And writing is awesome…I'm 7/10 done with my novella (yup), I think my epic poem about Detroit is finished (yeah I know) and I got an idea for an updated Desiderata-type bit of prose that's only about 1/3 finished but really fun (shut up hehe).  

The key to difficult times is knowing where your keys are.  Mine are in taiji, in writing, and in being able to communicate with people — having contact and conversations, and maybe also some drinking and snogging if I'm lucky.  ;)  So however tricky and tired and expensive and etcetera things are lately, I know that I'm doing okay, because I know what lights to measure by. 

May yours be known and shine bright, too!

March 29, 2013   No Comments

This is why I say I suck at it.

 

Yes, those are warm-ups.

Yes, I know people whose warm-ups look much like this.  (Mine look sort of like this too, but only if you take it apart into components and do it at half speed and three-quarters as far. ;)

I've been rededicating myself to my martial studies this past month — with good results; I'm sore in places I can't describe again! — both for obvious reasons and as part of the NYE project, which connection I hope I'll explain in another video soon.

Anyway, the moral of the video is that if you love something and do it well, even the warm-ups will be badass!

(You think I'm joking, but I'm not…)

February 24, 2013   No Comments

The Tyranny of the Ten Thousand Things

There are approximately ten thousand posts backed up in my brain right now, but I've no idea when I'll get a chance to write them, so instead you get one of the (many!) good bits from the Tao Te Ching:

In dwelling, be close to the land.

In meditation, go deep in the heart.

In dealing with others, be gentle and kind.

In speech, be true.

In ruling, be just.

In business, be competent.

In action, watch the timing.


No fight: No blame.


-Chapter Eight

March 13, 2012   Comments Off

Refocusing in Adulthood

I had one of those tiny physical moments yesterday that explodes into a psychological OH YEAH DUH … that was a moment, literally an otherwise meaningless moment in the shower, of refocusing.

Life is powerfully, powerfully distracting, especially as you slam into full adulthood and all the filters that kept out various influences are removed.  This isn't oops-too-much-RSS-browsing distraction; this is full-on fight-or-flight-level hardcore psychological distraction.

Some examples:

  • Faced with the insecurities of providing for yourself and others, of economic wibbly-wobbliness and the suddenly finite number of years before retirement, you throw yourself into working and saving money (easily 80h/wk, all told)
  • Faced with the heady freedom of being allowed to do anything you can legally get away with, you wind up "trying on" hobby after hobby, filling your free-time and emptying your wallet on lessons, equipment, outings, and materials, all for things you'll probably hardly ever do again;
  • Faced with the daunting task of raising a child "correctly", you throw yourself into planning activities, events, and lessons into every possible moment, as well as into cooking and cleaning things into an acceptably perfect childhood environment;
  • Faced with the sudden relative lessening importance of social activities (what? I'm old enough to party all I want and now partying doesn't mean much anymore??) as well as, for some people, the sudden ease of actually pulling it off (wait, I used to find this scary? ha!), you grab any opportunity to go to a gathering, eating up your evenings and killing your attempts to wake up early and do stuff;
  • Overwhelmed by the 80-hour work weeks, the pile of clamoring social engagements, the kids, the house, the classes and outings, you retreat into television for hours or days at a time, often finding yourself too exhausted to even get dressed if you don't absolutely have to.

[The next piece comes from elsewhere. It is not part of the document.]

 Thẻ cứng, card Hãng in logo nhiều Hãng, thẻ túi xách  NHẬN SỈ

…And welcome to adulthood.  ;) 

When I was young I thought, of course I'll be a writer, writing comes easy to me and I love it.  But then…was I going to write instead of working and saving money?  Hmm, no.  Write instead of parenting?  No way.  Write instead of going out and doing stuff?  Well, that one was easy when I was a bored and scaredy kid, but this weekend I can literally go to three parties and a SolidWorks design class and free-diving in the ocean if I want — all with people I like. 

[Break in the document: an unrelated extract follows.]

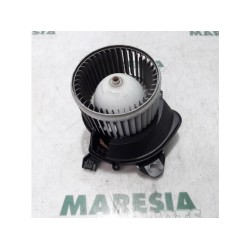 Fiat - Punto - Kachel Ventilatiemotor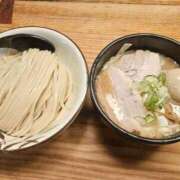 ヒメ日記 2026/05/01 12:28 投稿 える 熟女の風俗最終章 高崎店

When I found taiji I thought, oh, THIS is the thing; this is the perfect physical component to my philosophic life, the mental components of which are of course reading and writing.  I love taiji like I've loved few other things; I often think that if I had nothing else but a life of constant taiji, space to write about it, and some pretty trees to look at, that'd be great.

But when to practice?  At home, with the kid bouncing around and things begging to be cleaned?  At work, in the five minutes between meetings?  Making the time to get to class once a week is epic difficult, though I do it, doggedly, but far too often without having practiced at all in the in-between.

And when to write?  I get up around 4:30am, but the writing, it turns out, takes more than just getting up. 
More often than not I surf blearily, drinking coffee and trying to gather my thoughts and the day's plans, until it's time to head out for work.

I never wanted to admit that I couldn't do everything, that I was going to have to say no even if something sounded awesome, involved a really cool person, or I'd never done it before.  But you just can't have everything all at once; if you want that nice retirement plan and health insurance, it's going to cost you big-time, as is the perfect kids' lesson-plan and the clean house and oh yeah, the novel and the black-belt.  There are sacrifices, and some of them really suck.  Welcome to adulthood.

But the important thing is to make these decisions as consciously as possible, I think.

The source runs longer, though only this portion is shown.